What is event sourcing?

What is event sourcing?

Event sourcing is an architecture that keeps track of events (actions) that occur in an application and builds data that the application needs from those events. This is quite different from traditional database-backed applications where data is Created/Read/Updated/Deleted (CRUD) from within an application event and only the latest version of the data persists.

By keeping a permanent record of what events occurred in an application, event sourcing adds to data additional semantics and a dimension of time. This opens possibilities for solving problems that are beyond other architectures.

Additionally, event sourcing has characteristics that help build applications that can offer fast data access, high availability, and the potential to scale at low cost.

How event sourcing compares to traditional database-backed applications

The diagram below shows how a typical application reads and writes data to a database. The key characteristic that might go unnoticed is that data is written and read from the same place.

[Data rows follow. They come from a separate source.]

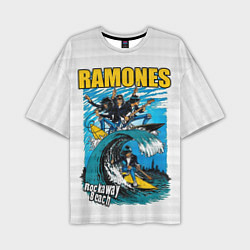 Футболка оверсайз мужская Ramones rock away beach, цвет: 3D-принт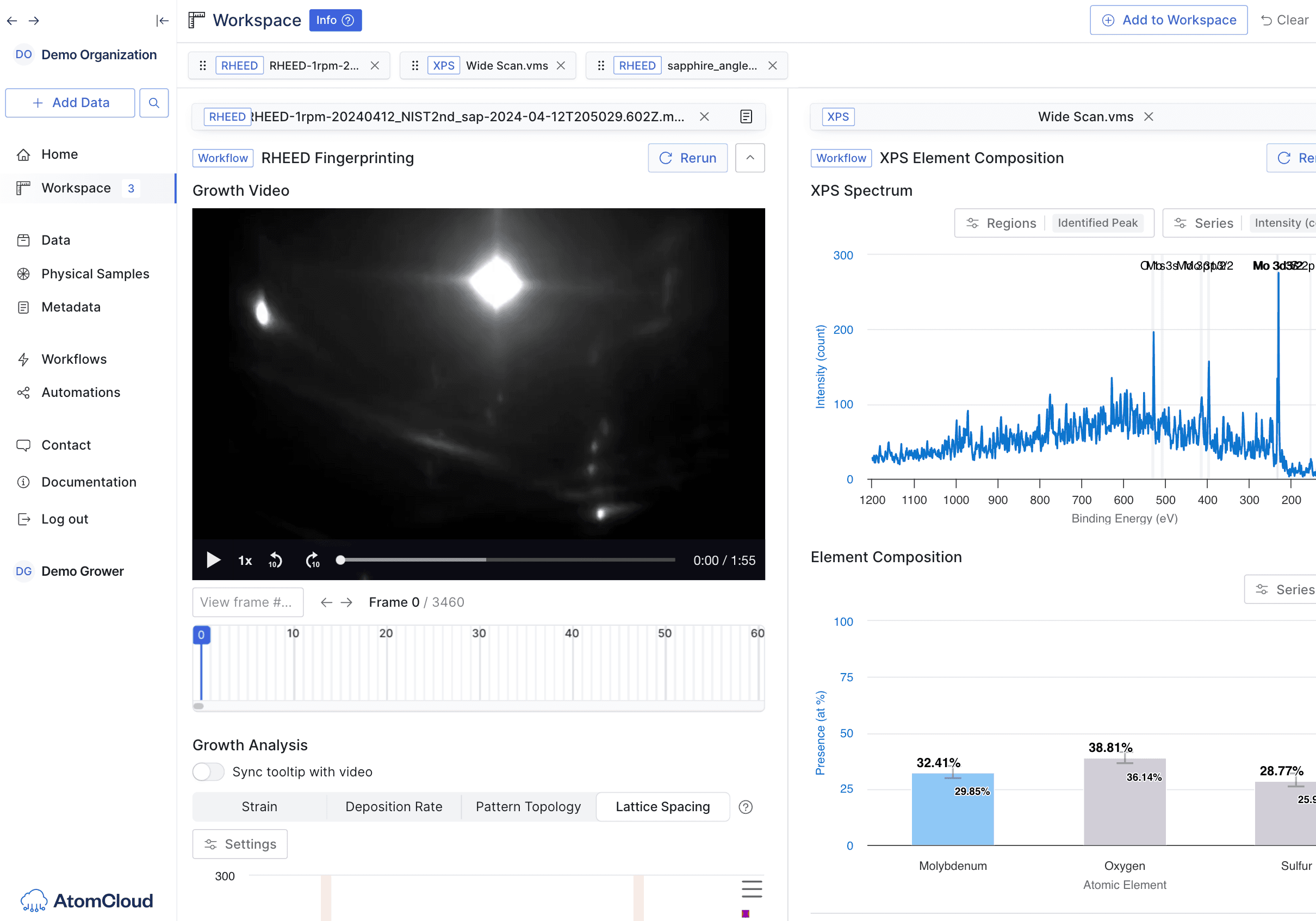 AtomCloud platform dashboard screenshot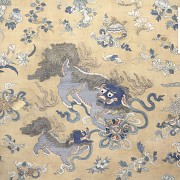 A pair of silk fabric framed, China, 18th - 19th century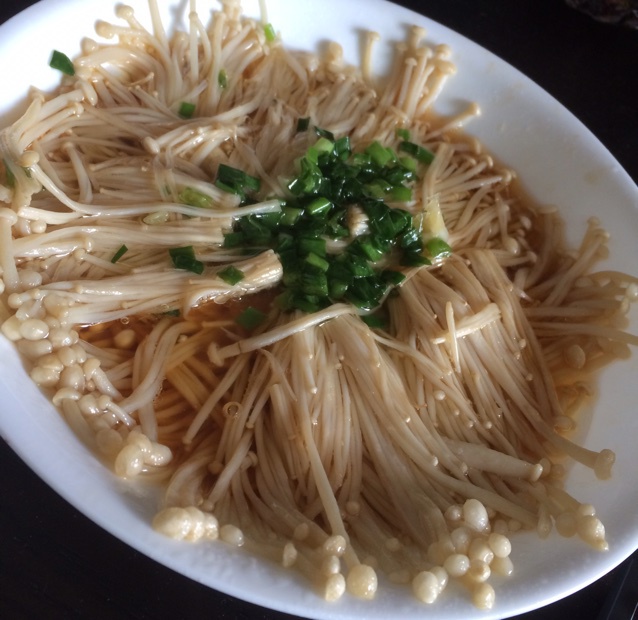 油泼金针菇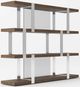 VIG Furniture Modrest Brewer Walnut Bookcase-0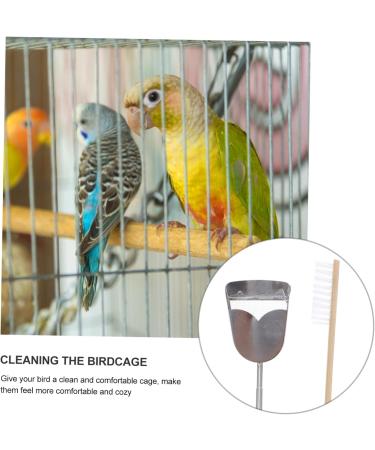 Beavorty Cage Cleaner 2pcs Set Birdcage Brush Bird Cage Pet Bird Cleaning Brush Parrot Cage Cleaning Brush Poo Remover 7x9cm Assorted Color - Buy Online on GoSupps.com
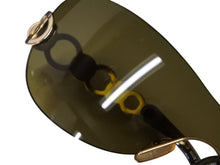 画像をギャラリービューアに読み込む, ESCADA エスカーダ リムレス シールドサングラス E1200 GEU/B3 サイズ67 120 ブラウン 美品 中古 4b007905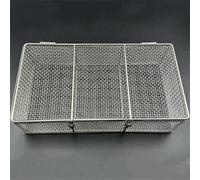 Medical 304 Stainless Steel Mesh Basket with Lid,Mesh Perforated Baskets Sterilization Tray,Instrument Sterilization Baskets,Cleaning Washing Surgical Instruments Case,for Hospital, WWFKWEMK, a, 4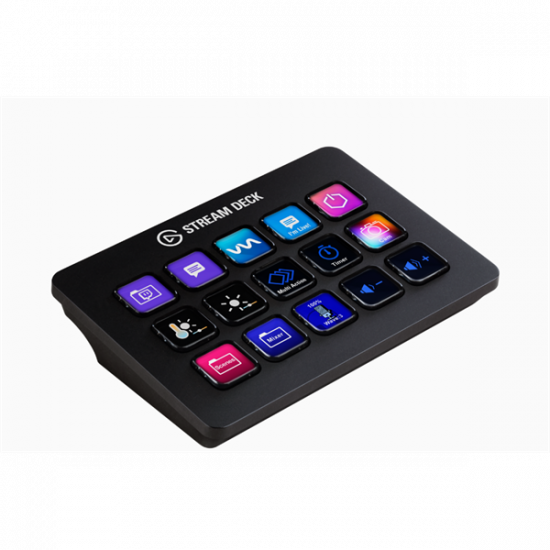 CORSAIR ELGATO STREAM DECK MK.2, 15 Testreszabható LCD Billentyű, fekete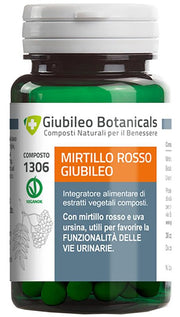 Giubileo botanicals mirtillo rosso 30 capsule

Application writes data to a database and then reads data from the same database storage medium.

Let's contrast this with the data flow in an event sourcing architecture seen in the following diagram. We'll explore the details of each component part in the diagram in the subsequent section. For now, notice how in event sourcing the application writes data to one place but reads data from another place. Separating read and write mediums is a key characteristic that makes the benefits of event sourcing possible.

In an event sourcing application, events are generated by an application and sent for permanent storage to a broker. These events are read by microservices which make meaning data from these events and store this data in temporary storage. The original application that created the events now reads data from microservices.

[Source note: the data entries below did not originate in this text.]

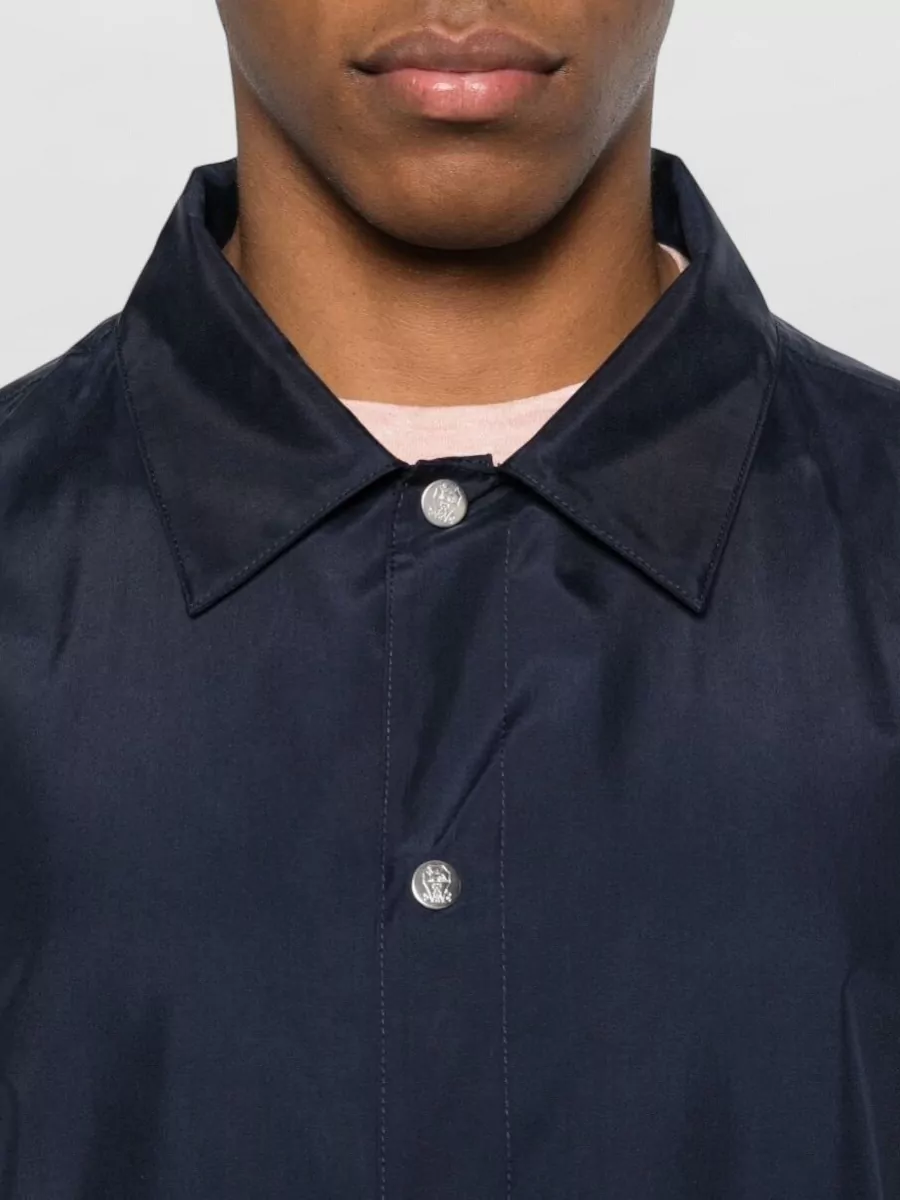 Brunello Cucinelli Water Repellent Blouson Jacket Long Sleeves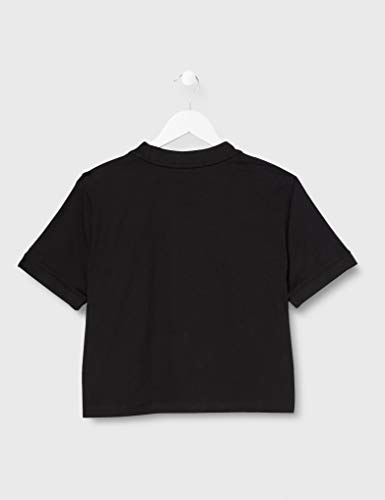 Calvin Klein CK Badge Cropped tee Camisa, Negro, XS para Mujer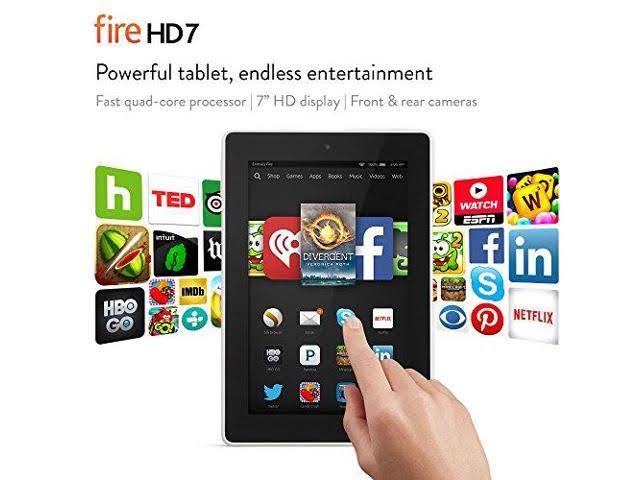 Fire HD 7 Tablet, 7x22 HD Display, Wi-Fi, 8 GB, White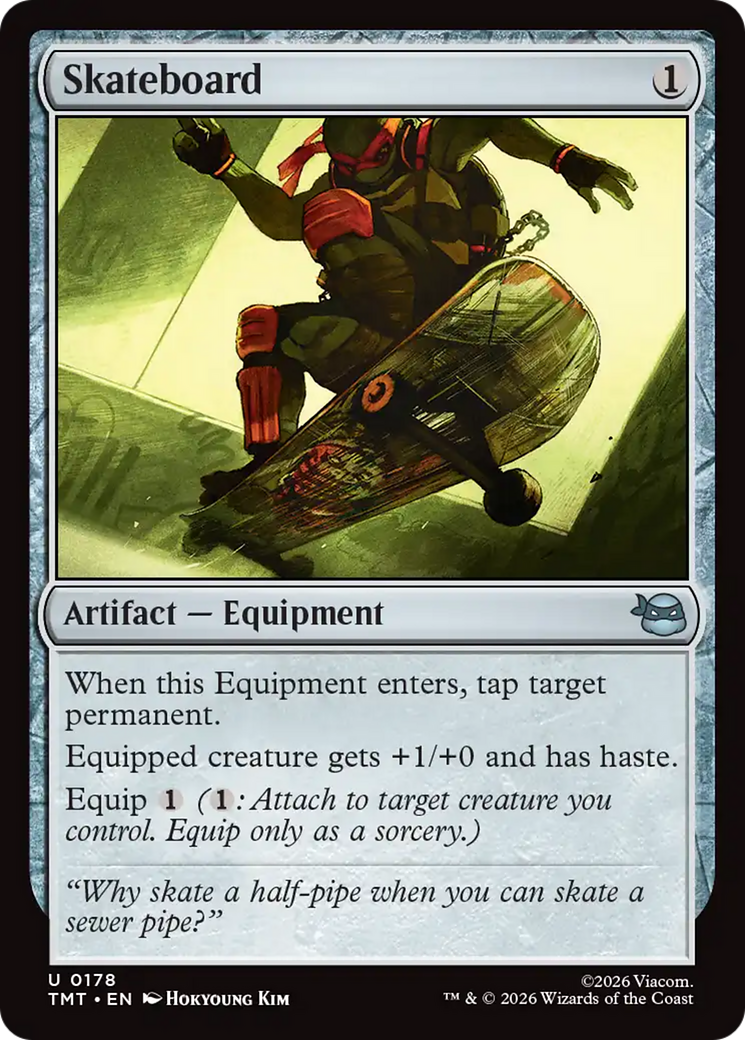 Skateboard [Teenage Mutant Ninja Turtles] MTG Single Magic: The Gathering | Red Claw Gaming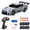 Light Gray, variant on QYROS RC Drift Car, 1:24 Scale Remote Control Vehicle With LED Lights, 2.4GHz 20KM/H 4WD High Speed RC Cars, Drifting Tires&Two Batteries, Racing Sports Toy Idea Gift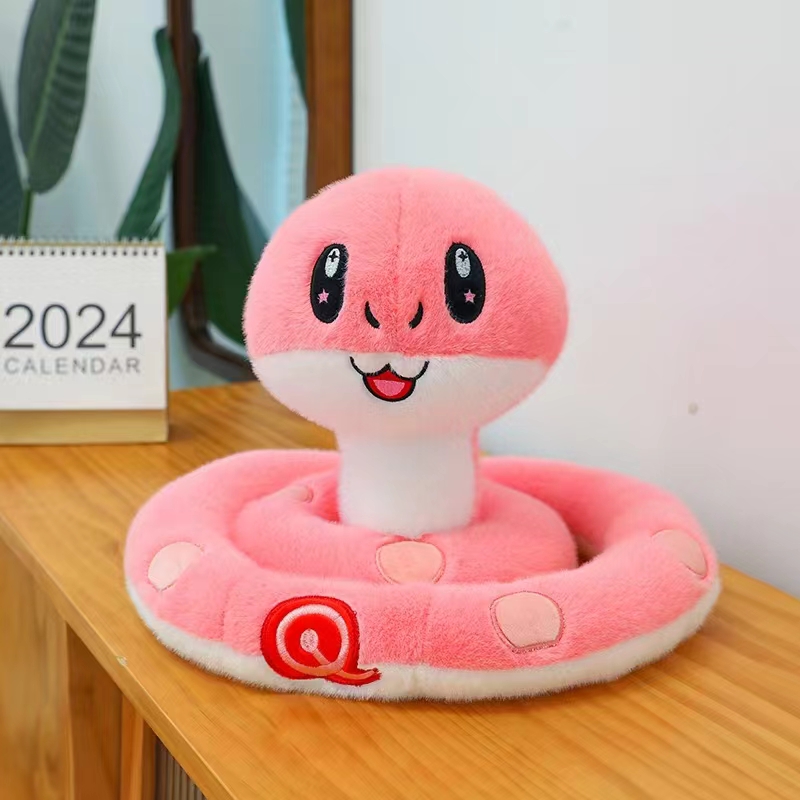 Simulated sweet snake plush toy doll, long snake doll, zodiac prop doll, birthday gift details Picture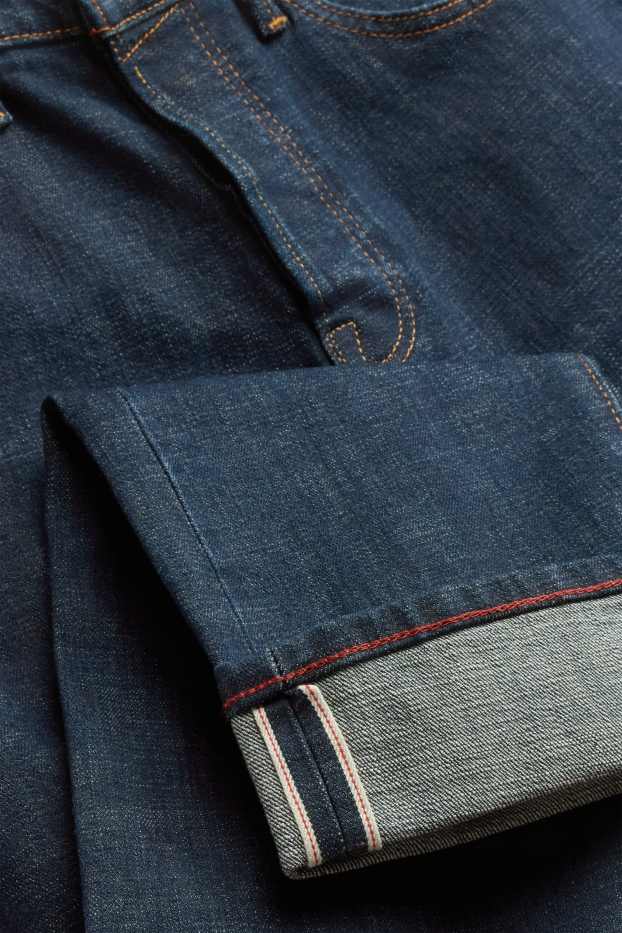 Uomo - Regular jeans - selvedge - jeans blu scuro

Another major difference between event sourcing and a database solution is how data is stored. Databases organize data into tables that look like the one seen below, which is quite different from how applications actually use data.

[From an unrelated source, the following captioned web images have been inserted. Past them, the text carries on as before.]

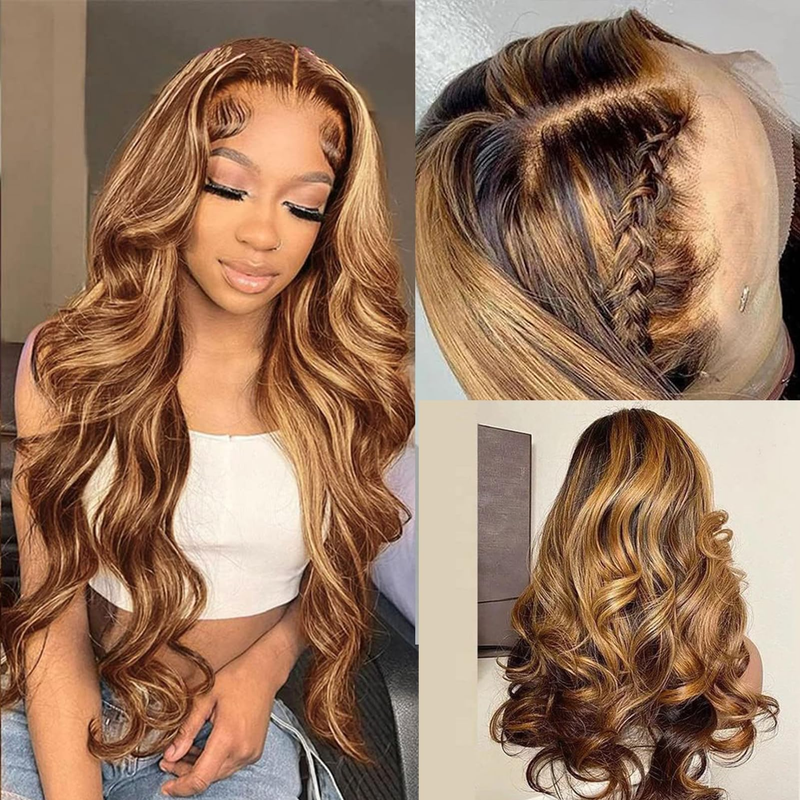 13*4 Kant 4/27# Front Body Wave Menselijk Haar Pruiken BOB Haar Pruiken Voor Vrouwen Dagelijks Gebruik_voghion.com
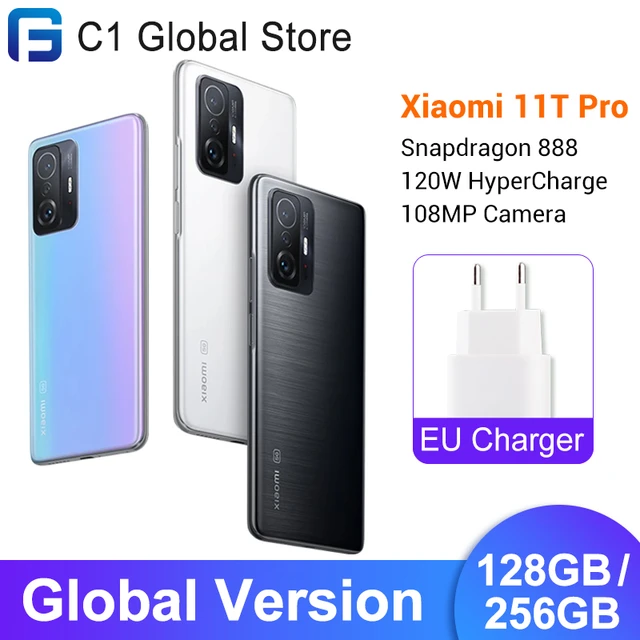 World Premiere】Global Version Xiaomi 11T Pro Smartphone 128/256GB  Snapdragon 888 Octa Core 120W HyperCharge 108MP Camera 120Hz - AliExpress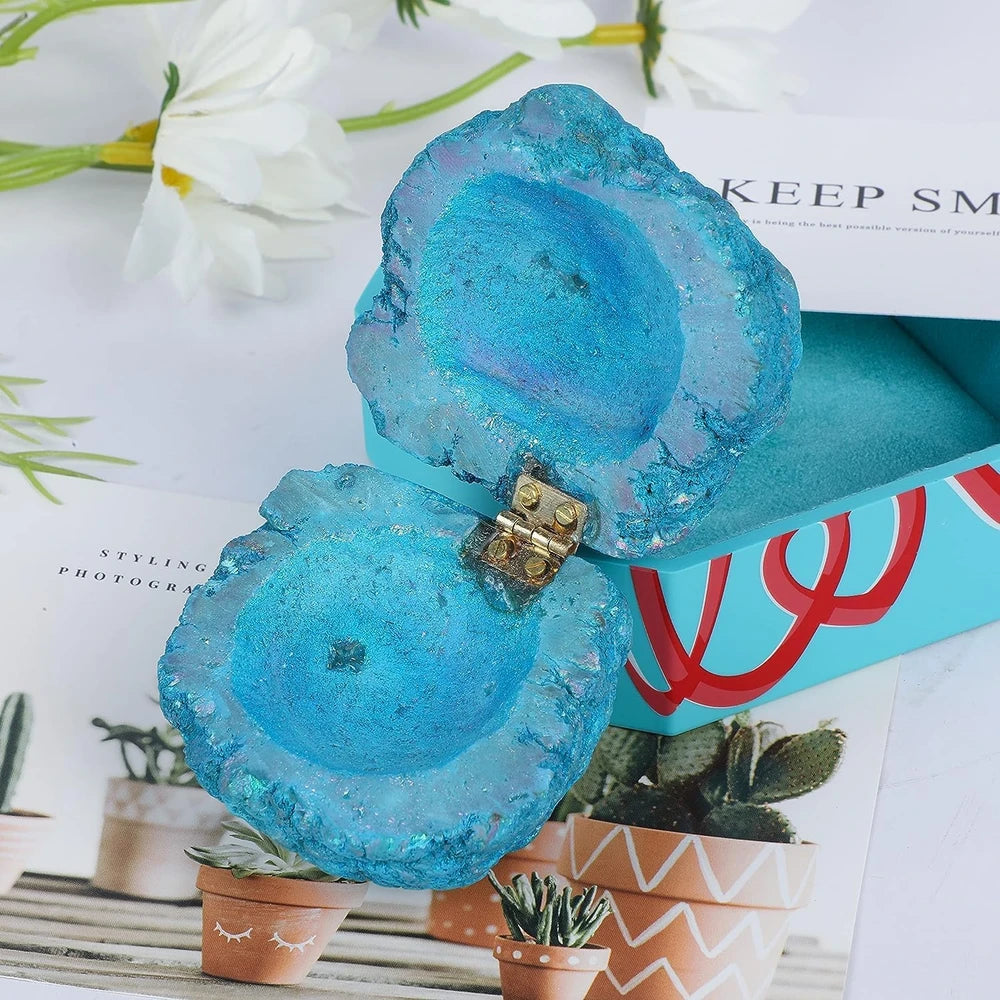 Blue Stone Ring Box for Proposal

ProductId ProductName Quantity
260 Barley 40
261 Hops 34
265 Yeast 12
274 Spring water 75

By contrast, event sourcing stores data in a way that is very close to how data is structured inside of applications – as objects. These objects can be serialized or active in memory. A serialized object might look like this:

[
    {"ProductId":260,"ProductName":"Barley","Quantity":40.0},
    {"ProductId":261,"ProductName":"Hops","Quantity":34.0},
    {"ProductId":265,"ProductName":"Yeast","Quantity":12.0},
    {"ProductId":274,"ProductName":"Spring water","Quantity":75.0}
]

One final difference is that databases use queries written in SQL to aggregate data whenever data is requested by the user of an application. Event sourcing also performs aggregations, but they are done in the language of the application whenever something happens in an application.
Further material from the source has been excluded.